Spamassassin Blacklists

January 4, 2010 Spam Control

Blacklists are a little easier to understand in that you will find domains or senders that you simply do not want to receive mail from them ever.
There are two blacklist directives.  The first directive, blacklist_from will specify a a sender address that address is what will appear in the Resent-From, From, Envelope-Sender, Resent-Sender or X-Envelope-From. When the sender address matches a score of 100 is added to the sender, which effectively blocks mail from that user.   Edit the /etc/mail/spamassassin/local.cf file to place these entries.

blacklist_from joe@badexample.com
blacklist_from badexample.com *.badexample.com

The wildcard “*” can be used for including multiple characters to eliminate all users on the badexample.com domain.

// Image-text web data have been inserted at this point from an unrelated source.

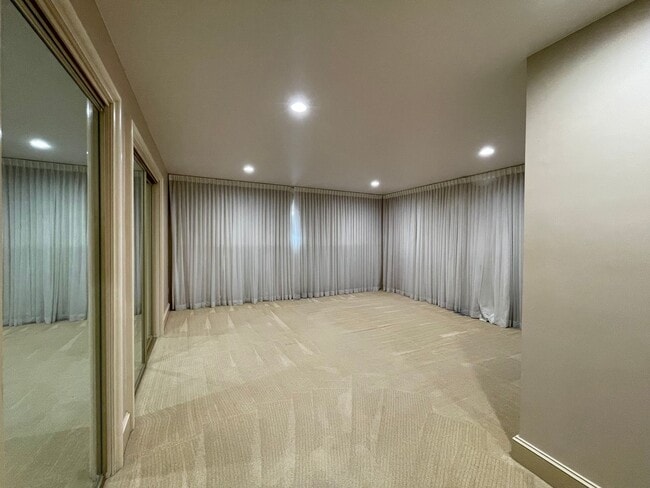 Building Photo - Gorgeous Mid-Century Modern Home Adjacent to BYU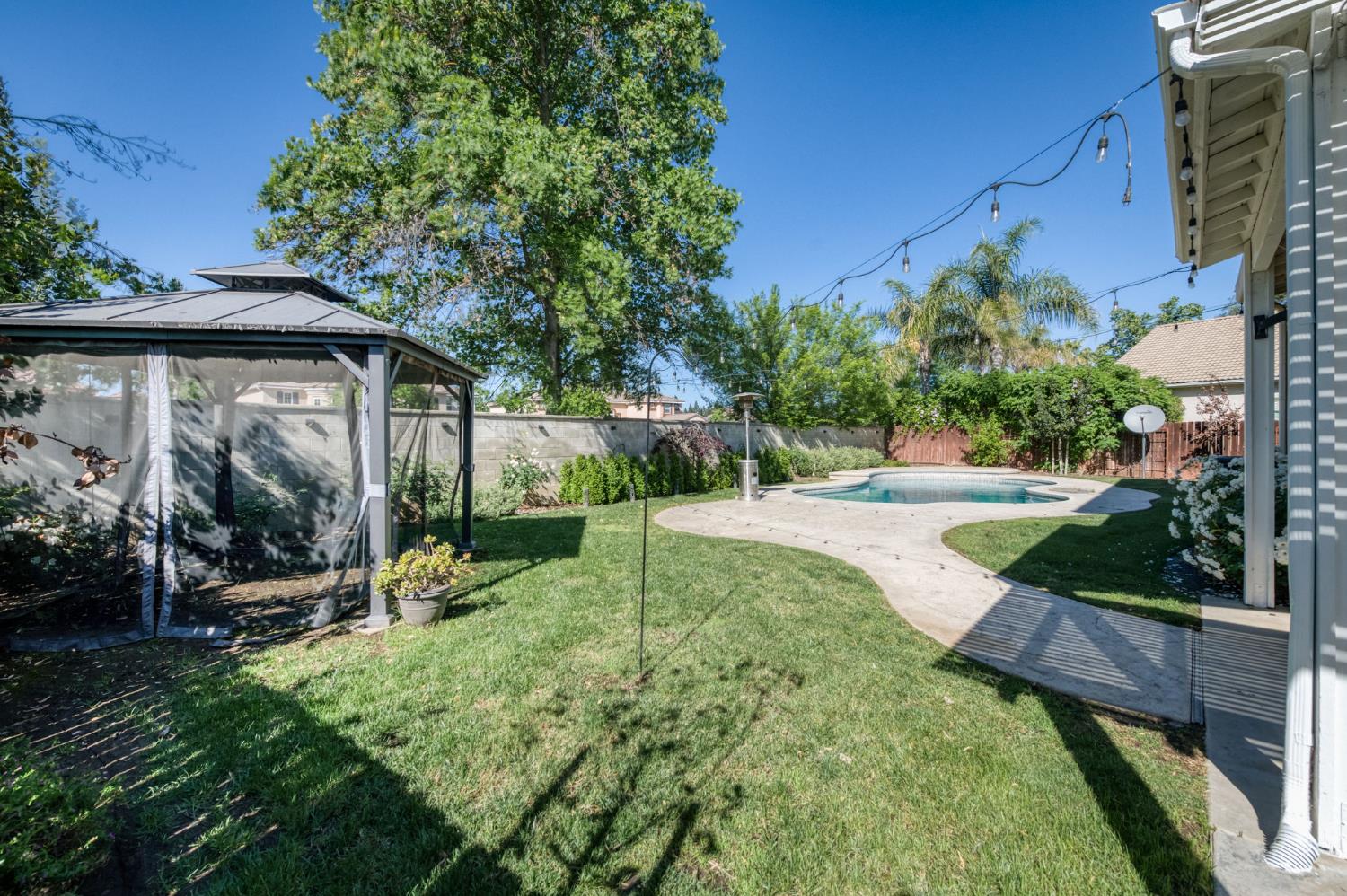 1736 N Holly Ave, Clovis, CA 93619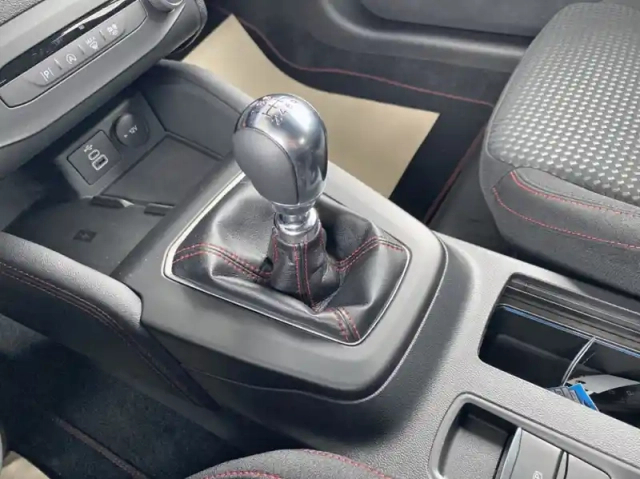 Ford Focus 1.0 flexifuel mhev 125ch st-line x — photo 8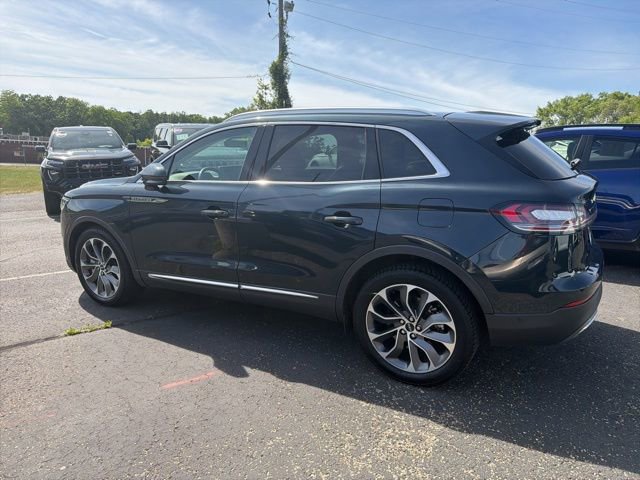 Used 2023 Lincoln Nautilus Reserve w/ Equipment Group 201A AWD/4WD image 4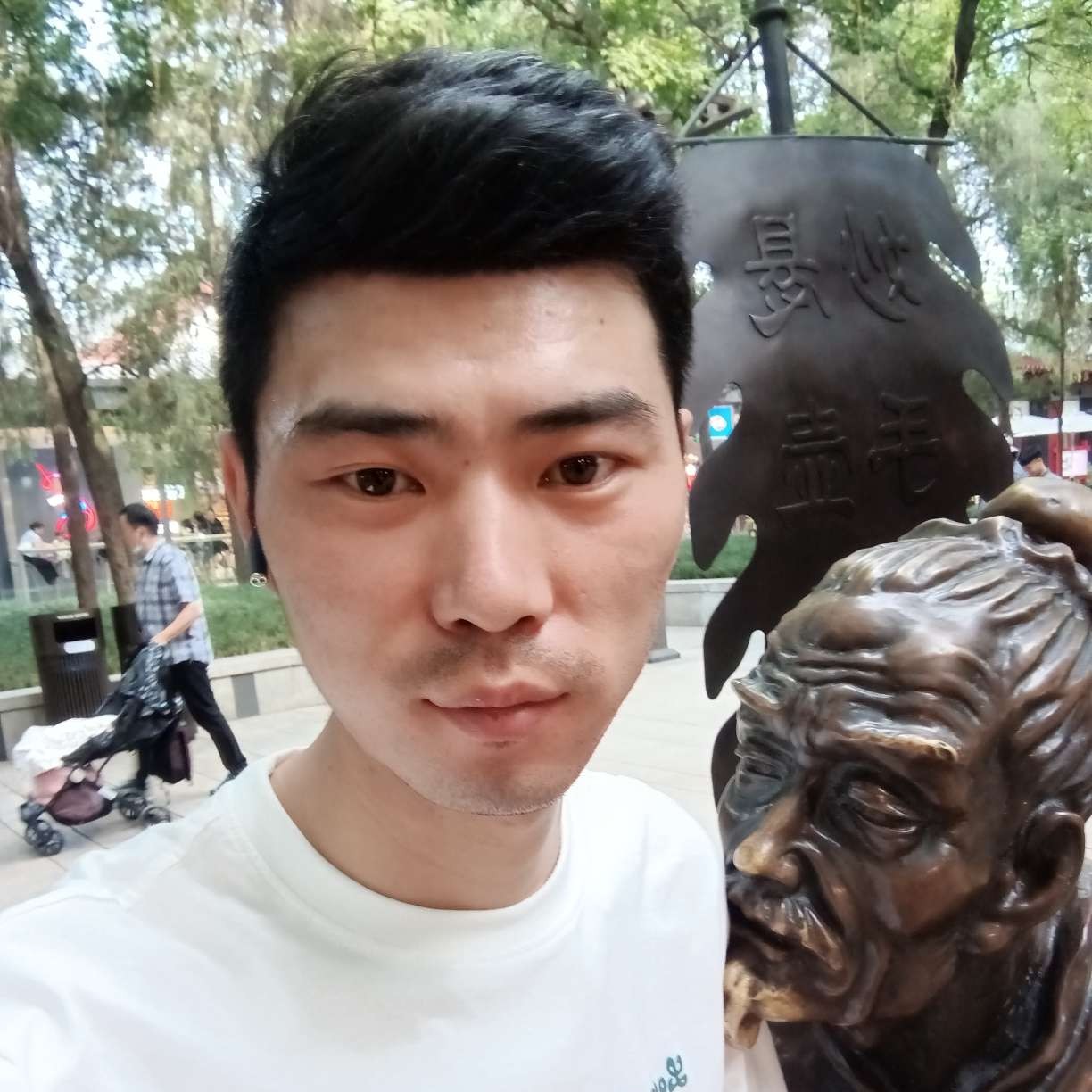 浅唱深拥鸭子的照片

You can remove a user from the list by using the the unblacklist_from directive.

unblacklist_from badexample.com

The other method of blacklisting users is the blacklist_to which will blacklist the recipient address.  This users may be found in the Resent-To, Resent-Cc, To, Apparently-To, Delivered-To, Envelope-Recipients, Apparently-Resent-To, X-Envelope-To, Envelope-To, X-Delivered-To, X-Original-To, X-Rcpt-To, X-Real-To, or Cc.

blacklist_to users@mycompany.com

This would be used to eliminate mail coming to possibly forged To header by adding 10 points to the score.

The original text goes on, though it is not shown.